Here we report new evidence from Hg speciation studies (sequential chemical extractions) of sediments in several Canadian Arctic lakes. In one shallow coastal lake on Devon Island, NU, the concentrations of organic matter-bound (i.e. oxidizable) Hg were significantly higher (P<0.001) during the early 15th century (i.e., Medieval Warm Period) than in sediments deposited before and afterwards during cooler periods. Other Hg fractions (mineral, acid-extractable, water-soluble) mostly did not change. In this lake, virtually all of the variation in pre-industrial total Hg concentrations over 500 years was explained by organic-bound Hg (r2=0.99, p<0.001, N=9). An identical result (r2=0.99, p<0.001, N=7) was found in a shallow Mackenzie Delta lake, NWT, over 1,500 years. In both lakes, the variation in organic-Hg was significantly correlated with the algal proxy S2 carbon. During the 20th century in 3 lakes, significant increases occurred in the organic-bound Hg fraction compared to the pre-industrial period, in tandem with increased S2 carbon, diatoms and Arctic air temperatures. Most of the increase in 20th century total Hg concentrations could be explained by the increase in organic-bound Hg and, in turn, by algal biomass. These findings support the scavenging hypothesis, whereby major changes in phytoplankton abundance in a lake's water column may alter sedimentary Hg concentrations. Rapid absorption of available Hg by living algae, or adsorption onto the reactive surfaces of algal detritus and other types of particulate organic matter, followed by their sedimentation is the most likely mechanism.

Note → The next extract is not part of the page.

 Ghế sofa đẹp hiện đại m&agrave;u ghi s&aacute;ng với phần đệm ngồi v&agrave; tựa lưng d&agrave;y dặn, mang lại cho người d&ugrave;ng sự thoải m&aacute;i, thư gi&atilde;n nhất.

Human-derived Hg pollution is undoubtedly present in the Arctic. However, these findings indicate that northern lake sediments are not simply recorders of atmospheric Hg deposition, but also record (in Hg) a climate signal. Therefore, interpretation of the 20th century Hg increases as being solely due to long-range pollution, and calculating pollutant Hg fluxes based on these increases, is incorrect. Statistically accounting for the climate effect leads to the conclusion that the atmospheric input of Hg pollution to these lakes is considerably smaller than previously reported.
Résumé(Résumé en langage clair et simple, non publié)
Cette étude indique que les changements climatiques dans le nord du Canada, tant au cours de la période médiévale que récemment, ont influencé le taux d'incorporation du mercure dans les sédiments lacustres. Le mercure est un métal potentiellement toxique, très préoccupant pour les collectivités nordiques. En examinant la façon dont le mercure est lié dans les sédiments et la façon dont ceci change avec le climat, nous avons été en mesure de démontrer que les sédiments lacustres ne reflètent pas simplement le dépôt du mercure atmosphérique, mais aussi l'évolution du climat. L'interprétation selon laquelle les accroissements récents importants de la teneur en mercure dans les sédiments ont pour seule cause la pollution locale ou à grande distance est donc incorrecte.